What you need to do | Give again, character for character, the lines that lie between the first line of the material and the line with "12 Wood Grain", inclusive. Omit pictures.

※ ※ ※

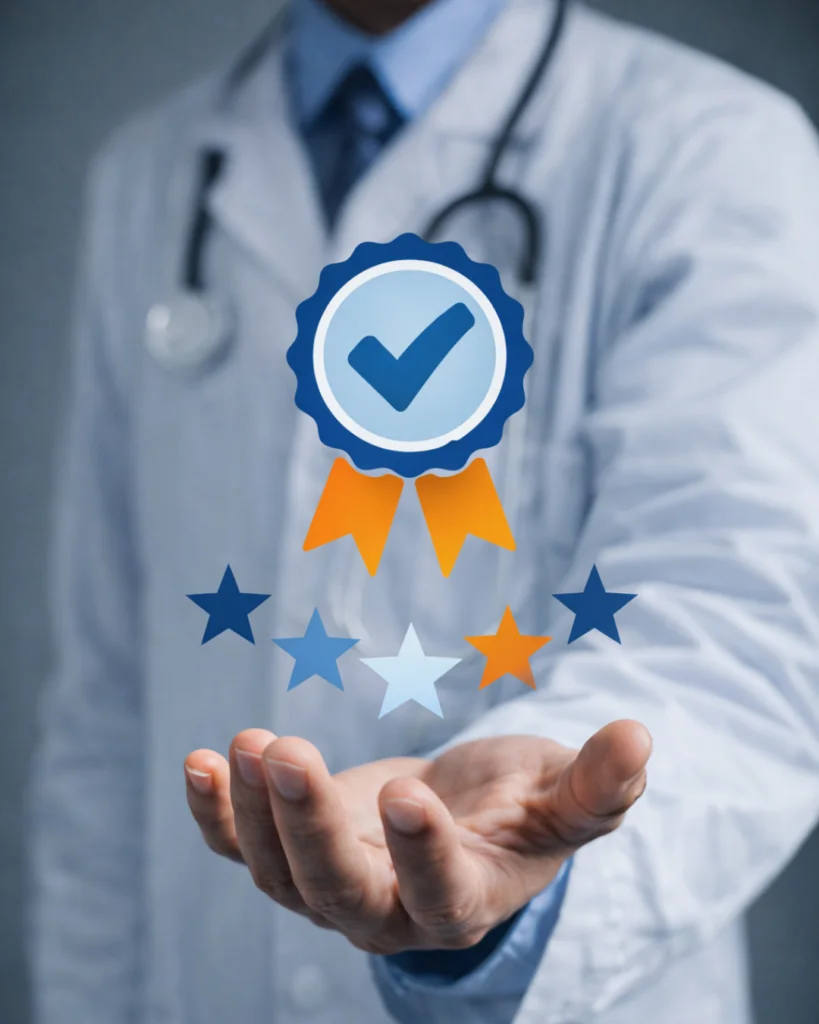 Clinical Evaluation process under MDR: quality seals and rating symbols represent the demonstration of safety, clinical performance, and a positive benefit–risk profile of medical devices in accordance with MEDDEV 2.7/1.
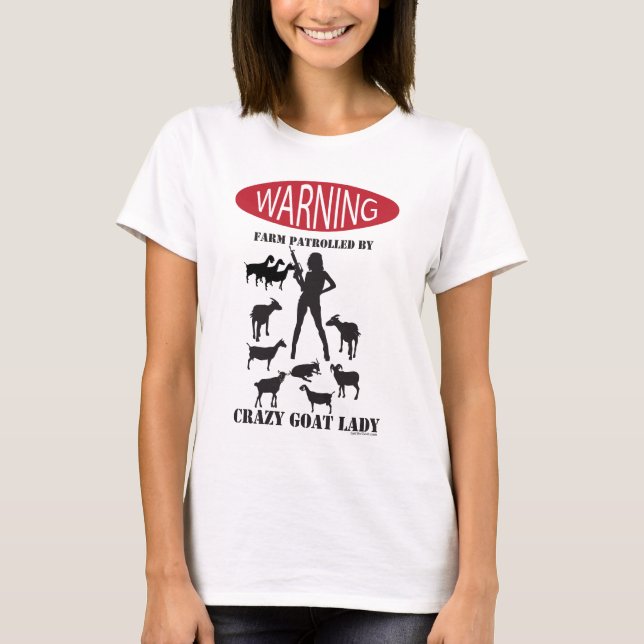 Camiseta FAZENDA de aviso FUNNY Patrulhada por Crazy Goat L (Frente)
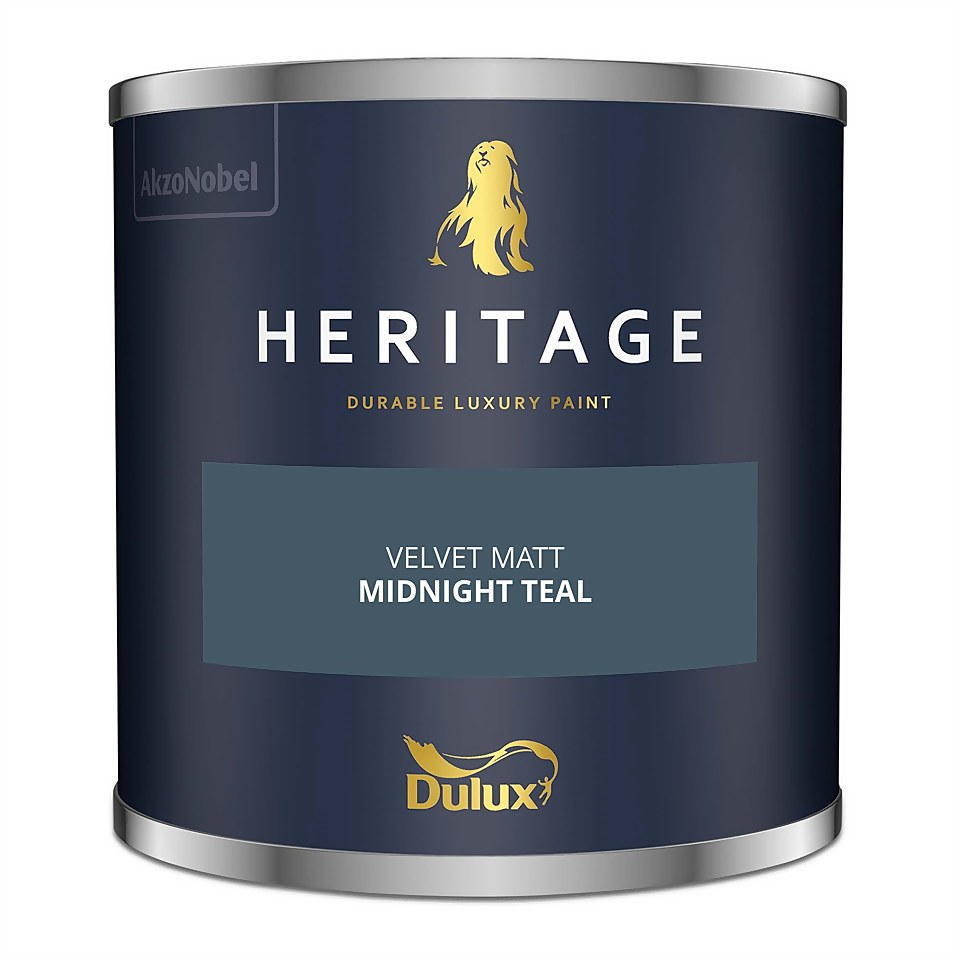 Dulux Heritage Matt Emulsion Paint Midnight Teal - Tester 125ml
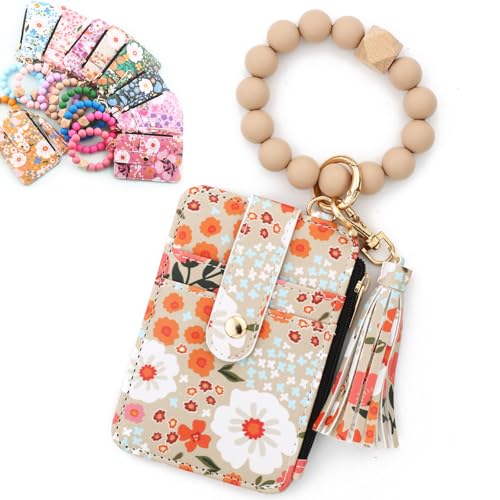 Women's Boho Beaded Wallet with Flower Pattern, Women Boho Style Beaded & Tassel Decorated Keychain, Credit Card Holder Purse (Khaki) von Bpoeee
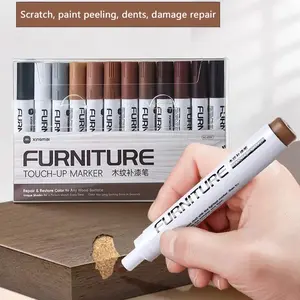 12 Wood Grain Repair Markers, Furniture Color Fill Pen, Scratch Cover Up Pen, Edge Sealing, Wooden Furniture Repair Tool, Paint Pen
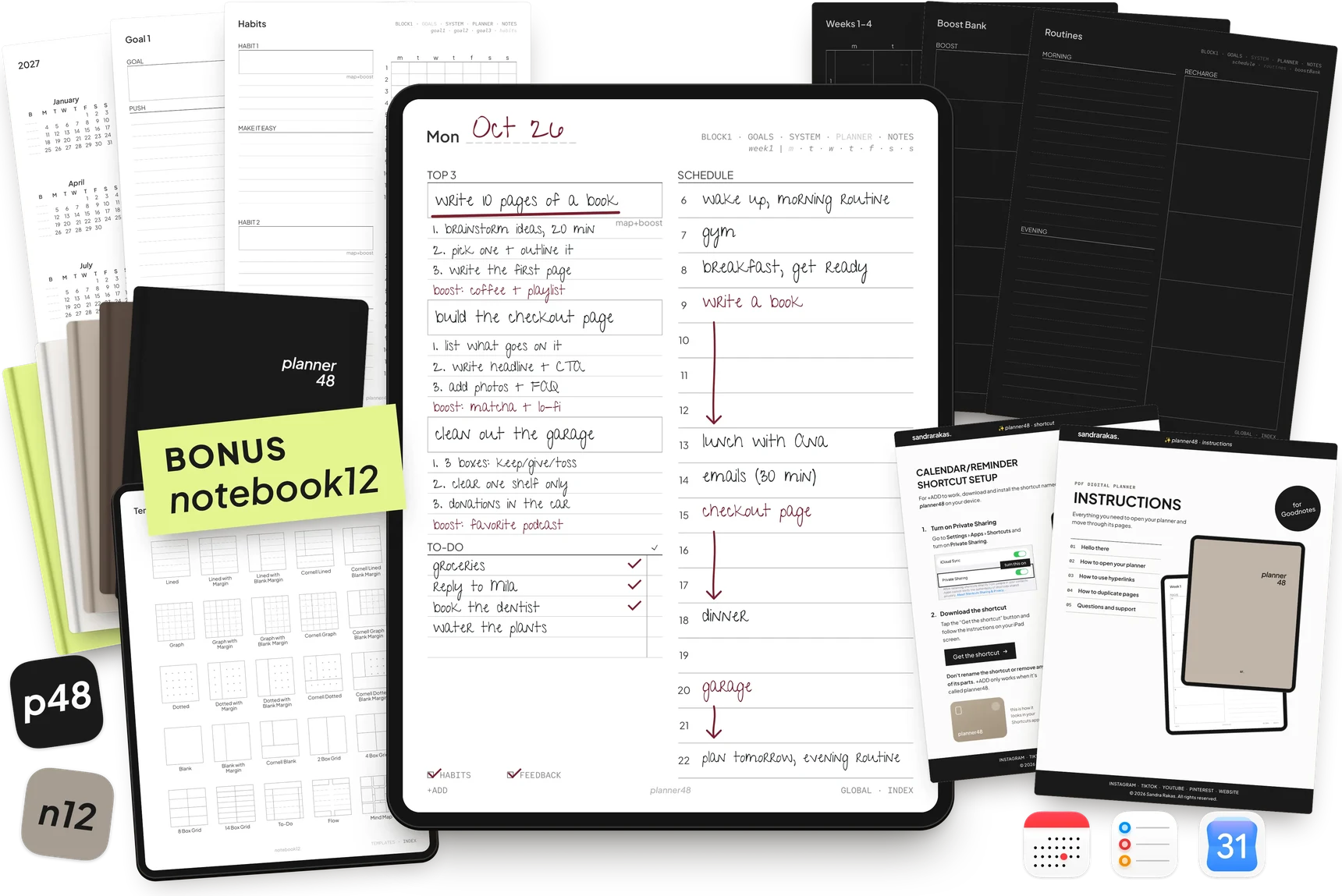 planner48 pages in Light and Dark mode, a filled-in daily page with map + boost, the bonus notebook12, and the setup guides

※ ※ ※

Response area |
 Clinical Evaluation process under MDR: quality seals and rating symbols represent the demonstration of safety, clinical performance, and a positive benefit–risk profile of medical devices in accordance with MEDDEV 2.7/1.
 Camiseta FAZENDA de aviso FUNNY Patrulhada por Crazy Goat L (Frente)
 Dulux Heritage Matt Emulsion Paint Midnight Teal - Tester 125ml
 Women's Boho Beaded Wallet with Flower Pattern, Women Boho Style Beaded & Tassel Decorated Keychain, Credit Card Holder Purse (Khaki) von Bpoeee
 12 Wood Grain Repair Markers, Furniture Color Fill Pen, Scratch Cover Up Pen, Edge Sealing, Wooden Furniture Repair Tool, Paint Pen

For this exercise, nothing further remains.